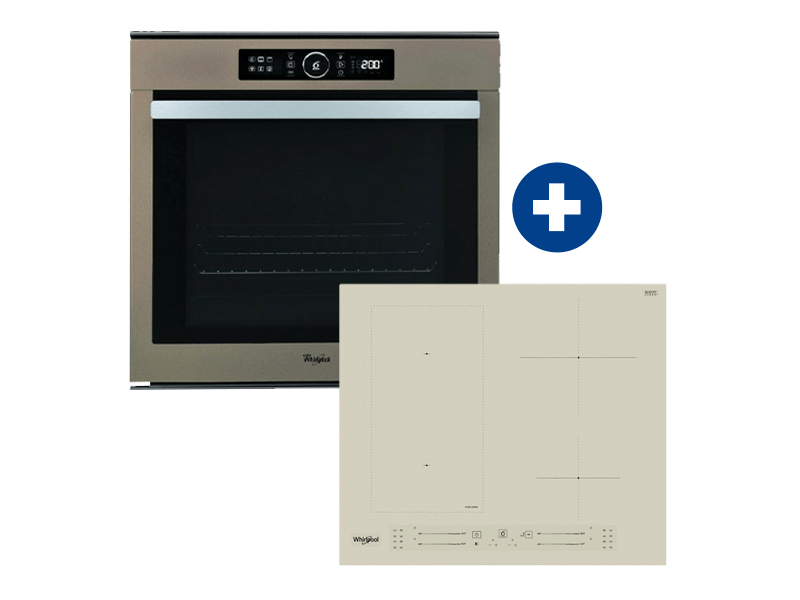 Whirlpool AKZM 8480 S Beépíthető sütő + Whirlpool WL S2760 BF/S Beépíthető indukciós főzőlap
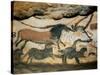 Ancient Artwork on the Walls of the Cave at Lascaux-null-Stretched Canvas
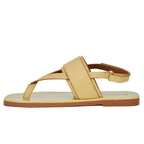 Adria Leather Thong Flat Sandal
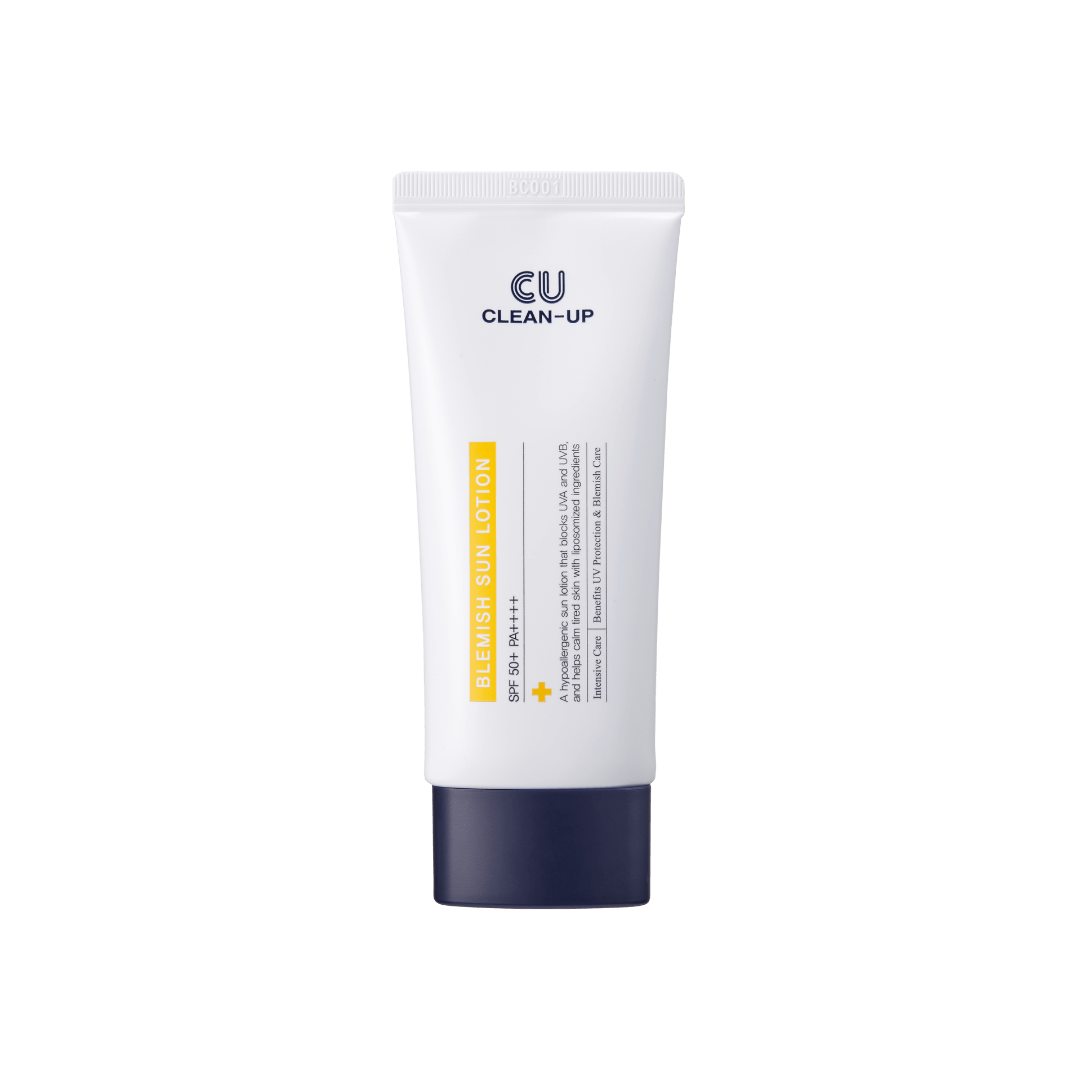 Легкий сонцезахисний лосьйон CUSKIN Clean Up Blemish Sun Lotion SPF 50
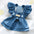 Denim Dog Dresses for Small Dogs, Puppy Girl Clothes with Leash Ring, Flying Sleeves, Summer Cat Apparel, Blue Chihuahua Outfits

***

ACTIVITY:
Give the data again word for word, without images.

COMPLETED TASK:
 Whirlpool AKZM 8480 S Beépíthető sütő + Whirlpool WL S2760 BF/S Beépíthető indukciós főzőlap
 Ancient Artwork on the Walls of the Cave at Lascaux-null-Stretched Canvas
 Adria Leather Thong Flat Sandal
 Легкий сонцезахисний лосьйон CUSKIN Clean Up Blemish Sun Lotion SPF 50
 Denim Dog Dresses for Small Dogs, Puppy Girl Clothes with Leash Ring, Flying Sleeves, Summer Cat Apparel, Blue Chihuahua Outfits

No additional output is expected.